Автобус наконец уплыл. Впритык шла машина. Но теперь открылась верхняя часть пространства, и стал виден дом напротив. Водитель в очках показывал чистый профиль — смотрел прямо перед собой. Из объекта наблюдения мы превратились в наблюдателей.
— Угу, глаза фокусируются. Полегчало, а то все двоилось.
— А как вы себя вообще здесь ощущаете — дома или на чужбине?
— Нет, уже дома. Я город очень люблю.
— Вы москвичка?
— Киевлянка. Я Киев тоже любила. Но Париж люблю больше. Это, знаете, город-спаситель. Только вот художества мои никому не нужны, это жаль.
— Не покупают?
— Что вы! Тут ведь галерейная система — попасть в нее очень трудно. О скульптуре вообще говорить нечего. А вот пастель… Я пыталась… да и сейчас захаживаю к одной галерейщице… Знаете, сколько в Париже художников?
— Думаю, много.
— Полмиллиона или больше. Эта галерейная дама, мне говорит: давайте животных, это может пойти. Только не агрессивных животных. Обезьян нельзя.
— Почему?
— Ну, не знаю, у них обезьяна — агрессивное животное.
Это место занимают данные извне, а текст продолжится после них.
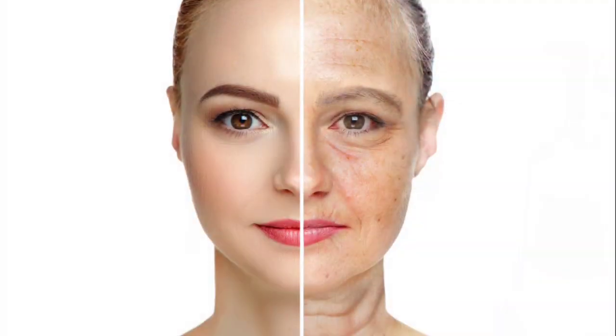Face wrinkles are also reduced. Carbon laser facial gives a deep clean and leaves the skin baby soft.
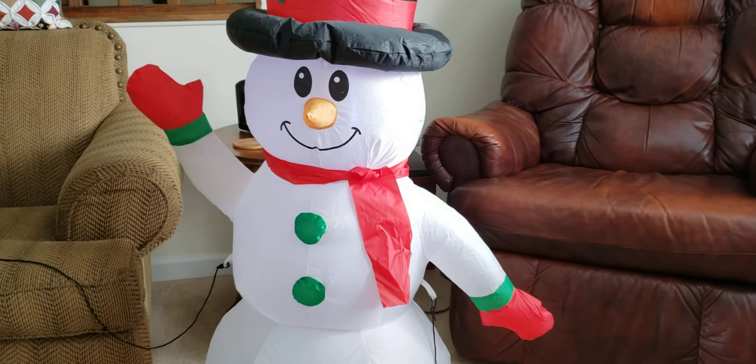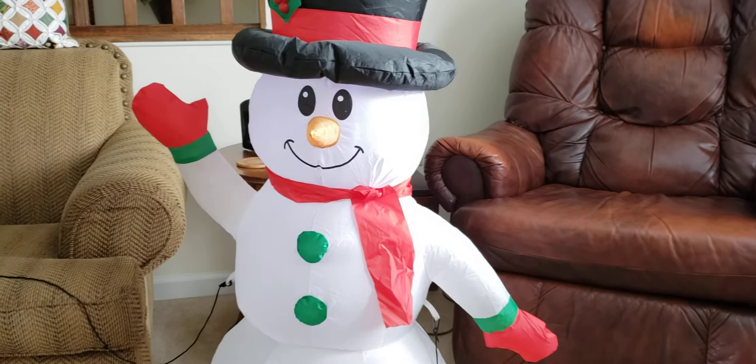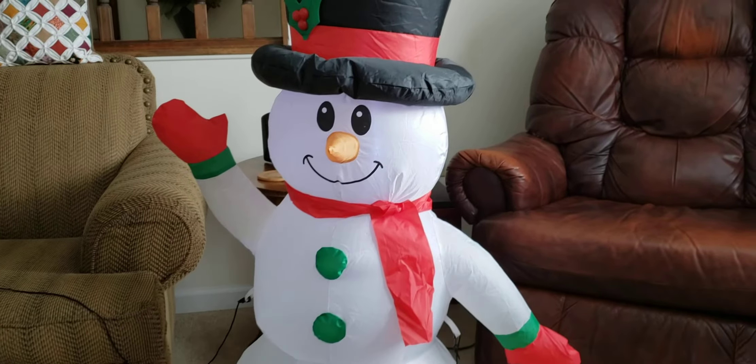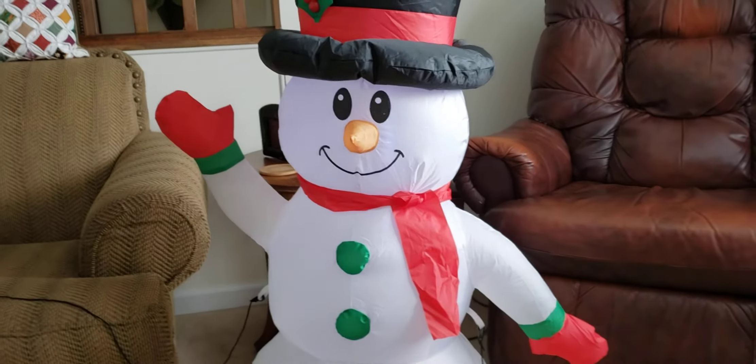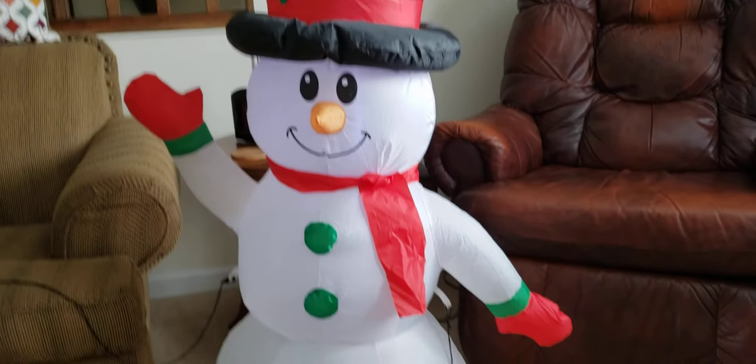What is up guys, it's Brayden here and welcome back to another video. Today I'm gonna be showing you what's inside my 2018 Christmas inflatable snowman. Let's get inside of them!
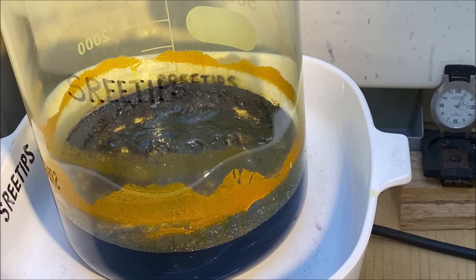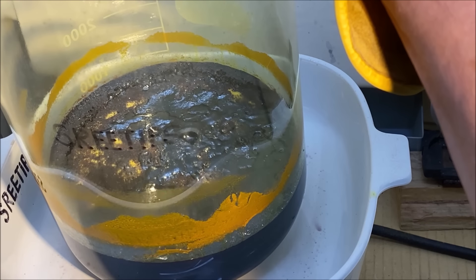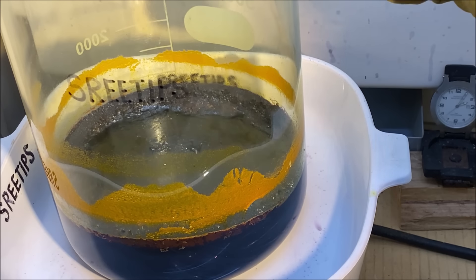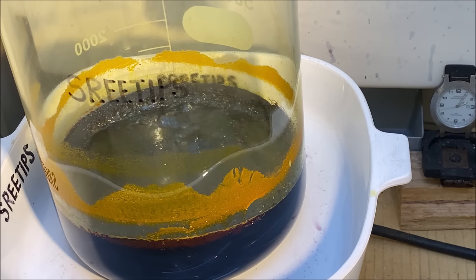Very close to being complete here. There's just a little bit of liquid left in there — the whole bottom of the beaker is solid, well, there's still some liquid I guess. We're just going to have to continue on until we get the rest of this liquid to form a solid chunk.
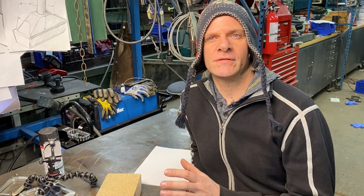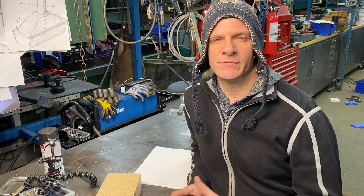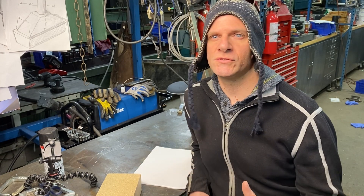Before we can do that we have to determine the size of the sheet metal we need to make the outside box. So we need to measure up these bricks and make a sketch with all those dimensions on it.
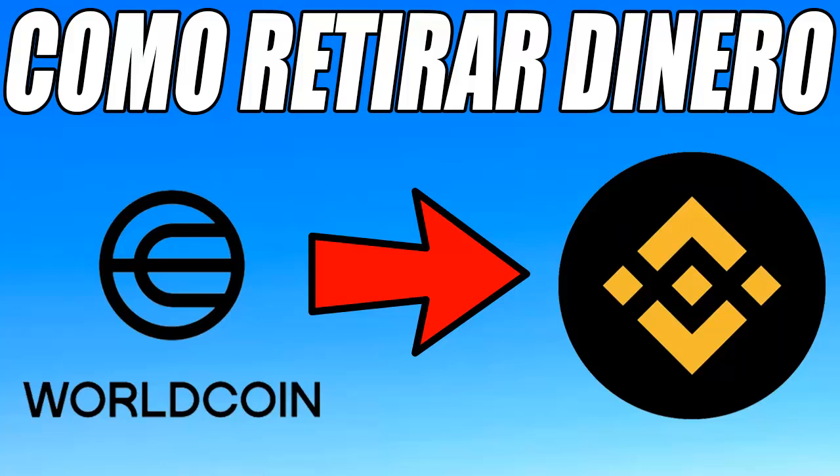Hello and welcome to another new video for the channel. It is already normalizing, and we can withdraw our Worldcoin without the risk of losing them. In this video, I am going to explain how to do it correctly. If you have difficulties with this method, you can watch another video on my channel with a more complex but effective alternative. Don't forget to leave a like and subscribe to the channel so you don't miss any videos.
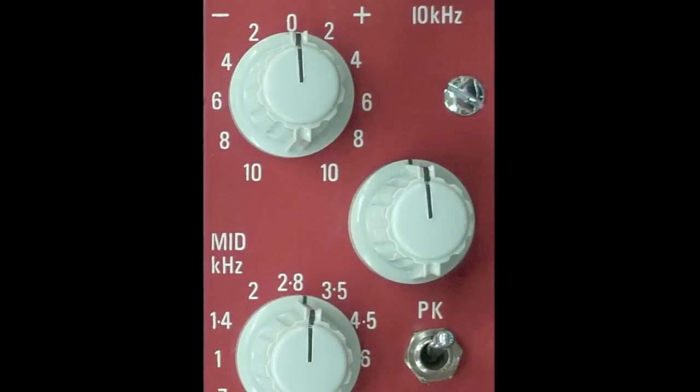Below that, you have the switch for the 10 kHz shelf, which can boost or cut from minus 10 to plus 10 dB in 2 dB increments.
— Вот вы говорите — «у них», значит, не у вас?
— Господи, это я про галерейщиков. Их и правда не понять. Да нет, грех жаловаться. Просто работаю мало — надо же еще и зарабатывать, времени не остается. Или переутомляешься так, что вот в глазах двоится.
— А там, в России, у вас были зрители?
— Тогда казалось, что вот-вот появятся. Мы ведь бунтовали, мы были не в русле. Я в Ленинграде участвовала в этой бульдозерной выставке. Было шумно. А в общем-то мы сами были зрителями друг друга, а народ рвался на запретное.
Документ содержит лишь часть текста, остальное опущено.